Yes, I consider this when I send stories. If I have a story that I think really belongs in a particular magazine, I will send it there first even if there are other venues that pay more, etc, (I typically use it to sift between magazines on the same basic level, as when deciding between professional publications). NOTE! I roll my eyes really hard when people send stories to Shimmer and the cover letter actually says that the author thinks the story a good fit. You don’t need to say it... (Although, if you have done/do this, just stop. Or don't. Whatever. Don’t freak out about it. Nobody rejects based on the cover letter unless you’re threatening to kill their children, or worse, their cats.)

HOWEVER. I recommend only considering what you know (or think you know) about the editor’s tastes when you’re choosing between magazines.

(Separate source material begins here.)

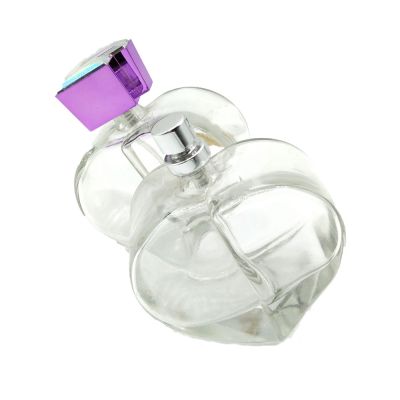 2019 high quality 100 ml Heart shaped clear glass perfume bottle empty perfume glass bottle essential oil bottles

If you have a story that’s publication-worthy but didn’t sell, DO send it to the magazines that you don’t think buy stories quite like that! I was later told that the first story I ever sold was not the type of thing that magazine usually publishes, but they bought it anyway. So! While it’s a useful thing to consider, don’t let it stop you.


This is just how I do it. Other people have their own methods (and some people do find that making their own personal list to work down is effective). Just like writing, figuring out how to sell stories is a work-in-progress.

PS: Also, it's a completely useless exercise unless you can write well, so make sure you're still improving and writing awesome stories that claw their way out of you like happy little chest bursters.

Thoughts?

Comments

( 4 comments — Leave a comment )
[info]shweta_narayan wrote:
Jan. 4th, 2012 08:10 pm (UTC)
IJWTS
You're one of the few people who can get me to read a long thing when I already know the content, just to see how you're going to phrase it. Which always gets me giggling :D
[info]azahru wrote:
Jan. 5th, 2012 05:52 pm (UTC)
Re: IJWTS
Ditto.

And ditto on the outside the box markets, especially when it comes to genre definition. I find duotrope very encouraging, every time I get a rejection it gives me an opportunity to increase my submission stats.
[info]fenmere wrote:
Jan. 4th, 2012 08:51 pm (UTC)
This all makes a hell of a lot of sense to me. Matches most of what I know about marketing in other industries (you know, my job), that's for sure!
[info]skellington1 wrote:
Jan. 5th, 2012 02:09 am (UTC)
since there are slices of toast with better bibliographies than mine

Any particular pieces of toast you'd recommend?

I thought it was an interesting read, though I've only ever managed one short story and it was deservedly trashed (It did garner my first and only rejection, though! *g*). Still, your way of putting things is amusing and the information made sense.

Also, I now seriously, deeply want to fly paper airplans off the Deception Pass bridge. It's been a long time since I've been up there, and I didn't have paper to hand then.